Era incrível pensar em algo assim, mas espero que esse tipo de informação não vaze, porque se for assim eu posso imaginar alguns religiosos fanáticos se rasgando de ódio e começando a perseguição contra os Djins.

— Então outras pessoas serão escolhidas? – perguntei.

— Já deve ter acontecido – ele respondeu – assim vamos esperar que as coisas comessem a se acalmar.

Não aconteceu. Detesto ser o arauto das más notícias, mas o trunfo dos Djins para resolver a situação pareceu só piorar a coisa toda. Quando os Guardiões começaram a aparecer por todo lado, a coisa saiu completamente do controle. Os ataques dos monstros começaram a ficar mais frequentes ao ponto de que o exército era completamente inútil para conter o avanço deles. As cidades menores foram perdidas e a população foi forçada ao êxodo para as capitais e cidades maiores, onde a segurança era um pouco melhor.

Os guardiões ainda não eram muitos e isso era o real problema. Guardiões eram escolhidos apenas pelos Djins e isso dificultou muito a aparição de novos Guardiões já que não parecia haver tanto Djins assim. Capitais eram onde eles estavam mais reunidos e isso aumentava a segurança, monstros podiam ser abatidos por esses guardiões e o exército podia segurar as pontas enquanto eles não chegavam, mas isso não duraria para sempre.

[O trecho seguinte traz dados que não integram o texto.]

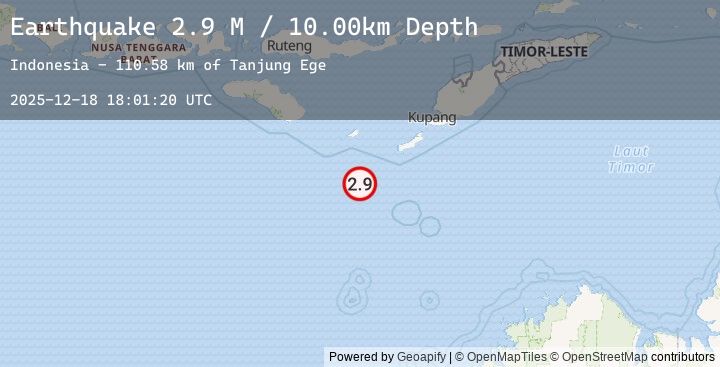 Map of South of Timor, Indonesia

Como aumento constante dos monstros alguns lugares foram totalmente tomados e a pressão sobre os guardiões foi aumentando à medida que os dias passavam.

Enquanto o problema podia ser contido apenas por grupos privados e a polícia, não havia necessidade de contratar o caríssimo serviço dos Guardiões para a proteção, mas quando a situação saiu da linha da classe trabalhadora, e caiu no colo dos realmente ricos, o problema precisava de solução; a criação das Guildas foi essa solução. Plantações, fábricas, distribuidoras e grandes redes de supermercados eram aqueles que precisavam de proteção mais imediata.

No início, pequenos grupos de Guardiões foram formados, mas rapidamente isso começou a ser insuficiente para a proteção das empresas. Havia todo um problema de que os grupos não eram realmente organizados e muito independentes. Quando esse modelo começou a ficar insustentável, as Guildas foram criadas. Elas surgiram para proteger o bem-estar da população, é dito assim para parecer mais bonito e existem aqueles que acreditam nesta mentira descarada. Era o grande capital e a propriedade privada que eram realmente protegidos por essas organizações. Guildas inteiras foram criadas para proteger as terras cultiváveis do agronegócio, fábricas e empresas. Como um país de grande discrepância econômica, existem aqueles que ganham muito dinheiro. Essas pessoas podiam contratar o serviço de Guardiões, mas a maioria da população precisava da proteção da Guilda Nacional.

A ABG, Agência Brasileira de Guardiões, foi um órgão público que o governo brasileiro se obrigou a criar devido à alta demanda de proteção do povo e dos prédios públicos. Houve um grande descontentamento da mídia, que, no fim das contas, eram controladas pelo grande capital que lucrava muito com os contratos milionários que suas corporações tinham com o Governo. A forma de entrar na agência era a mesma da polícia, qualquer um poderia entrar, mas para ser um agente de campo era necessário ser um Guardião. As pessoas comuns ficavam na parte burocrática ou como apoio de campo, mas nunca enfrentavam diretamente os monstros. Tentei passar algumas vezes no concurso público de Guardiões, já que as condições de trabalho eram melhores, mas eu não consegui por falta de poder e habilidade.

Acabei indo trabalhar para uma guilda privada, mas devido a um erro que cometi não lendo o Contrato, acabei me tornando um escravo dessa empresa. Devido ao contrato leonino, meu "salário" era muito baixo, mesmo que eu estivesse trabalhando feito um maníaco e mal conseguia manter com o mínimo necessário. Às vezes eu pensava se voltar a trabalhar em uma empresa comum não seria melhor para mim, mas o meu contrato com a Guilda me impedia.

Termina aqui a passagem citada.